American Needle was probably a big football fan and didn’t like being excluded from the jersey-selling game, so they did what was natural: They sued. They alleged that the NFL, its teams, the NFLP (the joint venture) and Reebok violated the antitrust laws. This set up the legal issue of whether the teams were even capable of conspiring together—joint venture or not.

As the Supreme Court went through its analysis, it made, what I view as a significant point that underlies its present and likely future approach to antitrust cases: In rejecting an approach based upon whether the parties are legally distinct entities, the Court said that “we have eschewed such formalistic distinctions in favor of a functional consideration of how the parties involved in the alleged anticompetitive conduct actually operate.”

In case you read it quickly, I will repeat it here: “we have eschewed such formalistic distinctions in favor of a functional consideration of how the parties involved in the alleged anticompetitive conduct actually operate.” Remember that if you are considering antitrust issues. Labels don’t matter. What matters is how entities and markets actually function.

Before continuing further, I want to point out that you shouldn’t be surprised if you see the Supreme Court cite to or discuss American Needle in its upcoming decision in North Carolina State Board of Dental Examiners v. Federal Trade Commission. We described American Needle as the foundation of the primary argument in our amicus brief in that case.

Back to the case itself. The Supreme Court explained that they have consistently ignored the formalities of the entity when it was, in essence, a vehicle for ongoing concerted activity. The Court said the same with regard to professional organizations and trade groups—including, cited the Court, Goldfarb v. Virginia State Bar, which like the North Carolina Dental Board, was a state entity for some purposes. Of course, the Virginia State Bar in Goldfarb was capable of conspiring to violate the antitrust laws and was not protected by state-action immunity.

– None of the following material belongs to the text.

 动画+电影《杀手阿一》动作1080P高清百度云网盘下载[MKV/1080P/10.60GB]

But if formalities don’t really matter, but function does, how do you decide if the actors are capable of conspiring together? The Court told us: The key is whether the concerted action, the conspiracy, “joins together separate decisionmakers.” That is, does the agreement join separate economic actors pursuing separate economic interests such that the agreement “deprives the marketplace of independent centers of decisionmaking,” of “diversity of entrepreneurial interests,” of “actual or potential competition”?

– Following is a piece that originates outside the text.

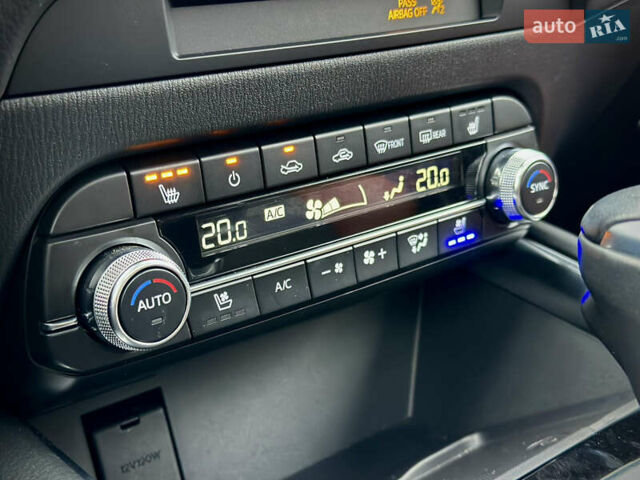 Зелений Мазда СХ-5, об'ємом двигуна 2.49 л та пробігом 21 тис. км за 29999 $, фото 48 на Automoto.ua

Applied to the NFL teams, the Supreme Court held that the teams are, in fact, “independent centers of decisionmaking,” for purposes of the intellectual property market. “To a firm making hats, the Saints and Colts are two potentially competing suppliers of valuable trademarks.”

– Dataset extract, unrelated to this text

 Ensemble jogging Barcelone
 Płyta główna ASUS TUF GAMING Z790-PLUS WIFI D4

Not surprisingly, the Court rejected the teams’ argument that because they formed a single entity—a joint venture—they were incapable of conspiring together through that venture. That formal structure didn’t matter in light of the functional considerations that the teams are “independent centers of decisionmaking.” “The teams remain separately controlled, potential competitors with economic interests that are distinct from NFLP’s financial well-being.”

In another notable holding, the Supreme Court also made clear that the justification for cooperation is not relevant to whether that cooperation is concerted or independent action. So just because there is good reason to form a joint venture, it doesn’t mean that the activities are not concerted under the antitrust laws.

The take-away from all this is that when competitors combine to do something, there aren’t easy loopholes from antitrust liability by setting up this structure or that structure. And if an antitrust lawyer tries to sell you on such a plan, find a better attorney.

A court and the antitrust agencies will go deeper into the issue to determine whether the combination enhanced competition—perhaps by creating a product or service that wasn’t available before the venture—or limited competition by depriving the market of independent centers of decisionmaking.

Antitrust, like any specialized area, has a lot of jargon and complex doctrine. But in the end, you can usually find the right answer by asking whether the challenged action, conduct, or structure improved or lessened competition.